Wow. You have uncovered something interesting. Let us take a look at the following:

Function<String, String> stringStringFunction = String::toLowerCase;

This returns us a function which accepts on parameter of type String and returns another String, which is a lowercase of the input parameter. This is somewhat equivalent to the s.toLowerCase(), where s is the input parameter.

stringStringFunction(param) === param.toLowerCase()

Next

Function<Locale, String> localeStringFunction = s::toLowerCase;

is a function from Locale to String. This is equivalent to s.toLowerCase(Locale) method invocation. It works, under the hood, on 2 parameters: one is s and another is some locale. If s is null, then this function creation throws a NullPointerException.
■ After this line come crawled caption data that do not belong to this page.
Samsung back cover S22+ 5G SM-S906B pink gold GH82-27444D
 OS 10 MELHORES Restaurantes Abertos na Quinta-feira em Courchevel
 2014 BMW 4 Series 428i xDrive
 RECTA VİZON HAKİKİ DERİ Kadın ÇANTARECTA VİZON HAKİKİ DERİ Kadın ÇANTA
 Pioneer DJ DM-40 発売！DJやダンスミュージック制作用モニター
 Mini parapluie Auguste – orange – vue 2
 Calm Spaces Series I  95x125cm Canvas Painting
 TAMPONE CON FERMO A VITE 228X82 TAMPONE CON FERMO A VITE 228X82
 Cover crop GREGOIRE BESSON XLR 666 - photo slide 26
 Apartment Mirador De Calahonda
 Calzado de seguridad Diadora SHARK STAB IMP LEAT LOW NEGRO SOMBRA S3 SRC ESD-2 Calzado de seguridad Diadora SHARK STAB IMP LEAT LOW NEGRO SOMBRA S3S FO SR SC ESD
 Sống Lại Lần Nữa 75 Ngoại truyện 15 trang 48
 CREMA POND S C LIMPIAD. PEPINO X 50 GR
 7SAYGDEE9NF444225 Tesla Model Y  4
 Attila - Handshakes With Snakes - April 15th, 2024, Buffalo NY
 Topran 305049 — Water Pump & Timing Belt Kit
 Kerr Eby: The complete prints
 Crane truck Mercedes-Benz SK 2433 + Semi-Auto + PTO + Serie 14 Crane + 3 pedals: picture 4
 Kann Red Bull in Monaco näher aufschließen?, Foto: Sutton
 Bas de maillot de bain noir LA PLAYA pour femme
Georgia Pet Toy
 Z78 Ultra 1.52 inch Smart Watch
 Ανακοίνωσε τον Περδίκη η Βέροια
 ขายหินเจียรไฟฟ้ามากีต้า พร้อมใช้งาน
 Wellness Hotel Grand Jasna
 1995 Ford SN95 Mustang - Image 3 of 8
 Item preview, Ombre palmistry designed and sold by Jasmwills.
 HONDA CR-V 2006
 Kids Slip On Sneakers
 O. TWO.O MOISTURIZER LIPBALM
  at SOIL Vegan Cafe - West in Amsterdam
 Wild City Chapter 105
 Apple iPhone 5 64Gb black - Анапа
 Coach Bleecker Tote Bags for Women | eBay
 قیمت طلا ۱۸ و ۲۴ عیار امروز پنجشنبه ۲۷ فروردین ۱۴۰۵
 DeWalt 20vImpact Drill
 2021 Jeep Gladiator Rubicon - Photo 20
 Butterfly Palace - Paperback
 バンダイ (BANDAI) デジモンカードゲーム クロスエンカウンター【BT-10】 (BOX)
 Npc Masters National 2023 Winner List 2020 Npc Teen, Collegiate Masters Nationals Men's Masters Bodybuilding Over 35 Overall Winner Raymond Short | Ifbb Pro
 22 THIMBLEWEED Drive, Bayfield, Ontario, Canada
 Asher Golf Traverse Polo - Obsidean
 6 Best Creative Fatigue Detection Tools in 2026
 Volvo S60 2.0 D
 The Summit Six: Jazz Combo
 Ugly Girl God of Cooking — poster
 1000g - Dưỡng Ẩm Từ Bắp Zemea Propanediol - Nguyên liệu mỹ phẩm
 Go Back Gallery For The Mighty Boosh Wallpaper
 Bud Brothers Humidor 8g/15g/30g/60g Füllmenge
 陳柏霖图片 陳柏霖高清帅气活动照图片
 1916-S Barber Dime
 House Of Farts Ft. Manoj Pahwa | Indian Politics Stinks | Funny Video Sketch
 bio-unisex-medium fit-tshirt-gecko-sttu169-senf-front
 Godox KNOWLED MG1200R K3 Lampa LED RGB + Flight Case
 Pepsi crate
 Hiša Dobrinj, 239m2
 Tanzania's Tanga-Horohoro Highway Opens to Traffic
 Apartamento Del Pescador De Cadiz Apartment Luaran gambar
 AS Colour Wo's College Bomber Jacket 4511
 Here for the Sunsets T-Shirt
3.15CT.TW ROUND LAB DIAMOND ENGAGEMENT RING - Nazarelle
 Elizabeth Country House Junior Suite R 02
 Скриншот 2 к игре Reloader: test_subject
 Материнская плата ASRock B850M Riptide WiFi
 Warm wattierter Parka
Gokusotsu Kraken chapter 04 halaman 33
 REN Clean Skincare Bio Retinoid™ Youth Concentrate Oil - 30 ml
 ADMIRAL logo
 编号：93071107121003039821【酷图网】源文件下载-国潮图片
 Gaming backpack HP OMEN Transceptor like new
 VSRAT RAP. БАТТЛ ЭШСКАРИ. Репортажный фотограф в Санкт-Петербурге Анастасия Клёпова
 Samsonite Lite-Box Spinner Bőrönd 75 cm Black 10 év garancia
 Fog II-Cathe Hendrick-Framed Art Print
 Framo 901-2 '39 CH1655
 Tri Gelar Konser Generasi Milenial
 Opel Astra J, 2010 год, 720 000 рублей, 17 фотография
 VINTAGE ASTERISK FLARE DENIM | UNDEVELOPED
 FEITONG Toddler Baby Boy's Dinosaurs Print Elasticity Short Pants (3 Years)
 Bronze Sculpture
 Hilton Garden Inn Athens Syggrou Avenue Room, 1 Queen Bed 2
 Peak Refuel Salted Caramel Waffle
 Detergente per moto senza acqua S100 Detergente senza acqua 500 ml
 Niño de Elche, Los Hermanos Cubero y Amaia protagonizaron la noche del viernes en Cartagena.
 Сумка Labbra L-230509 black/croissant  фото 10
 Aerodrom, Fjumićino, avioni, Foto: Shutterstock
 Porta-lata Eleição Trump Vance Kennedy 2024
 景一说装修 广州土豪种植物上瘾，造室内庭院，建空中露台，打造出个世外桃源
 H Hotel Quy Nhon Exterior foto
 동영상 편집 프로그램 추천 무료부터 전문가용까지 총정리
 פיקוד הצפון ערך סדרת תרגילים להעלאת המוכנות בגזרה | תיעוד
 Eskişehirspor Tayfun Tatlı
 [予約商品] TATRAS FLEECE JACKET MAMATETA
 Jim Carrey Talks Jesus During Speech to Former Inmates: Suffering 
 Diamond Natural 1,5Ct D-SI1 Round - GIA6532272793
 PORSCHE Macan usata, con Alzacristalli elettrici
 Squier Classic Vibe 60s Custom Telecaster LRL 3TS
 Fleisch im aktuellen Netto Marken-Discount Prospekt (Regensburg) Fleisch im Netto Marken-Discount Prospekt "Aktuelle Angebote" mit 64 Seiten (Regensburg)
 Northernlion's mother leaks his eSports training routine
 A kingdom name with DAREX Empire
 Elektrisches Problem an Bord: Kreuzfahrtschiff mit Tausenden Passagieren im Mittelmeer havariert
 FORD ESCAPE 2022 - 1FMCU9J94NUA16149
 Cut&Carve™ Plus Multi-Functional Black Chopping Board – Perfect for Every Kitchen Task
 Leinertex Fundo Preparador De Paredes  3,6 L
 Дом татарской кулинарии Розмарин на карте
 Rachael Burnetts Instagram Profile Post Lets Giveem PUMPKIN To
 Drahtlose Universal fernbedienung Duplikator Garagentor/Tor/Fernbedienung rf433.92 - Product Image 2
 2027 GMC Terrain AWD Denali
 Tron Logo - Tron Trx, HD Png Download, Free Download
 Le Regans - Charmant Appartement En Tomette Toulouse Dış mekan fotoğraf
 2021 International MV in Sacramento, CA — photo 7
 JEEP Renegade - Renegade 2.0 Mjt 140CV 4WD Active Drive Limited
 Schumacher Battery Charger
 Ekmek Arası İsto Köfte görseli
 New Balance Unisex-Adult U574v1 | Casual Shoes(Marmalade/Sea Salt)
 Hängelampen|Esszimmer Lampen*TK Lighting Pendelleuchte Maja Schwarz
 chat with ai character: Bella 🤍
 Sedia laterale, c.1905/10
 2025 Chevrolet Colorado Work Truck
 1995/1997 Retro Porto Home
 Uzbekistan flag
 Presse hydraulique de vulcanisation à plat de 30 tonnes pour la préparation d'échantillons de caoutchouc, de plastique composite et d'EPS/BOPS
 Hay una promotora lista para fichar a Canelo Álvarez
localeStringFunction(locale) === s.toLowerCase(locale)

Next is

Runnable r = () -> s.toLowerCase()

Which is an implementation of Runnable interface which, when executed, will call method toLowerCase on given string s.

So in your case

Thread t = new Thread(s::toLowerCase);

tries to create a new Thread passing the result of the invocation of s::toLowerCase to it. But this throws a NPE at once. Even before thread is started. And so NPE is thrown in your current thread, not from inside thread t. This is why your exception handler is not executed.

answered May 24, 2016 at 12:32

1 Comment

"the result of the invocation of s::toLowerCase" needs a clarification. The creation of the function instance is not an invocation.